Return the complete listing exactly as it reads, with each picture removed.

═════ PROVIDED MATERIAL ═════

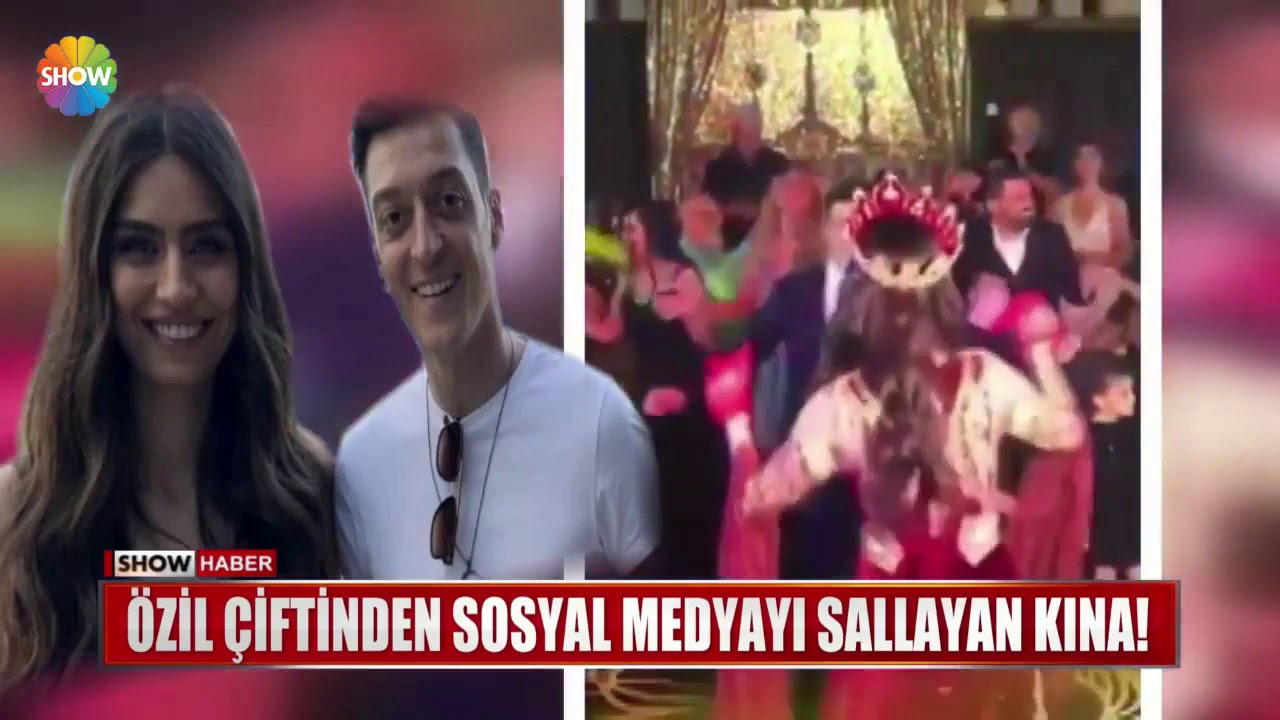 Özil çiftinden sosyal medyayı sallayan kına!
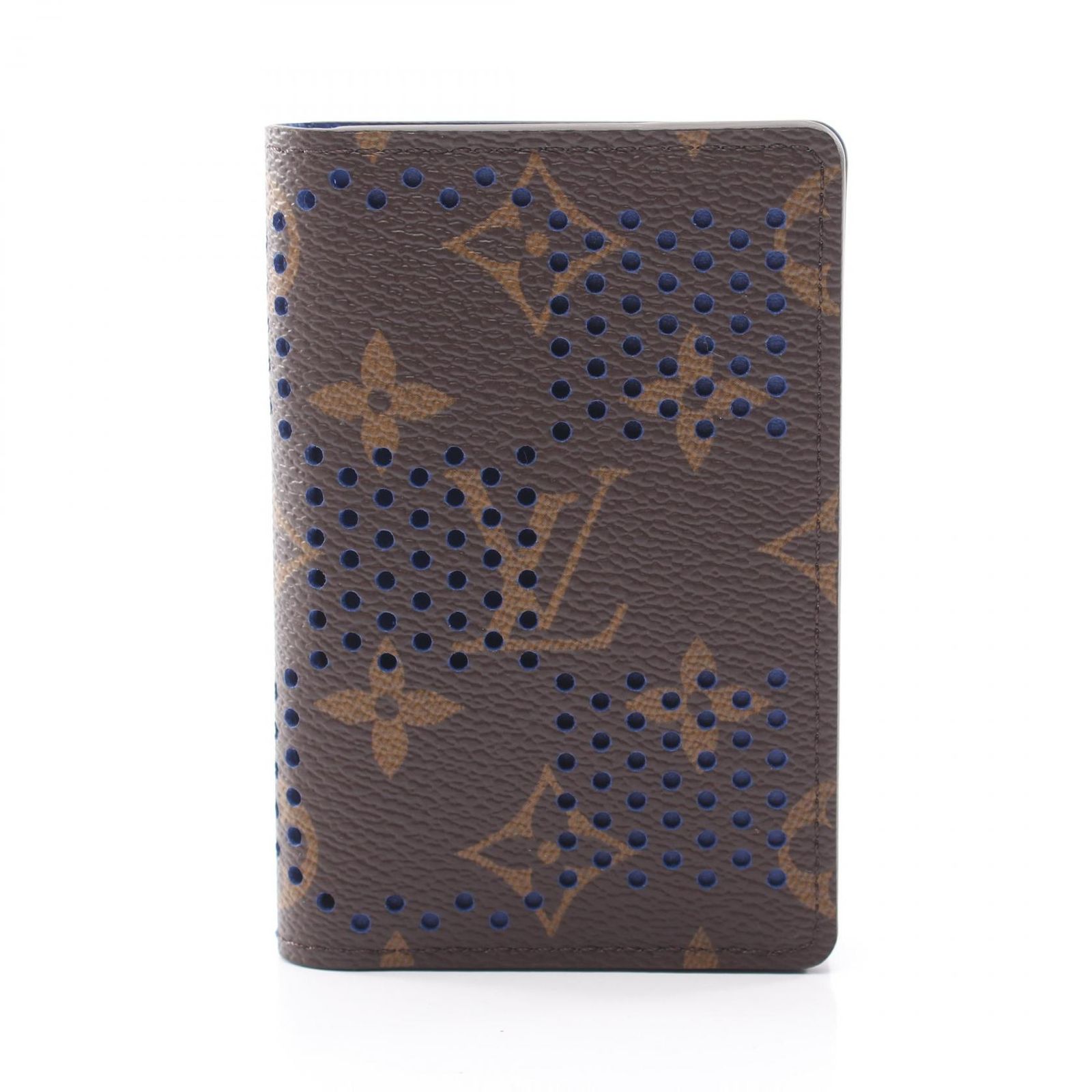 ルイ・ヴィトン LOUIS VUITTON カードケース オーガナイザー ドゥ ポッシュ モノグラムグリッド M29283 ブルー その他 オーガナイザー・ドゥ ポッシュ レディース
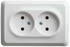 Розетка 2ОП Этюд угловая PA16-105B (9/72) 1
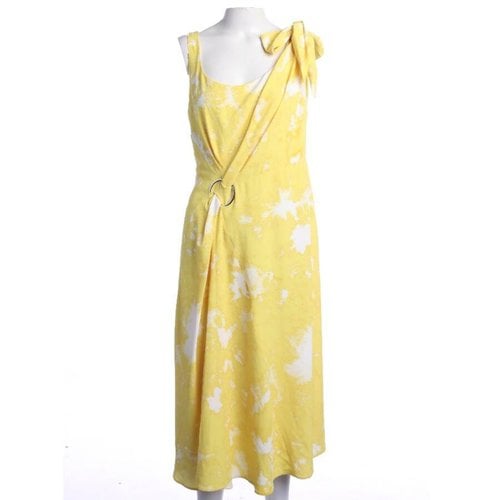 Pre-owned Hugo Boss Dress In Yellow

═════

#### [TASK RESPONSE]
 Özil çiftinden sosyal medyayı sallayan kına!
 ルイ・ヴィトン LOUIS VUITTON カードケース オーガナイザー ドゥ ポッシュ モノグラムグリッド M29283 ブルー その他 オーガナイザー・ドゥ ポッシュ レディース
 Розетка 2ОП Этюд угловая PA16-105B (9/72) 1
 Pre-owned Hugo Boss Dress In Yellow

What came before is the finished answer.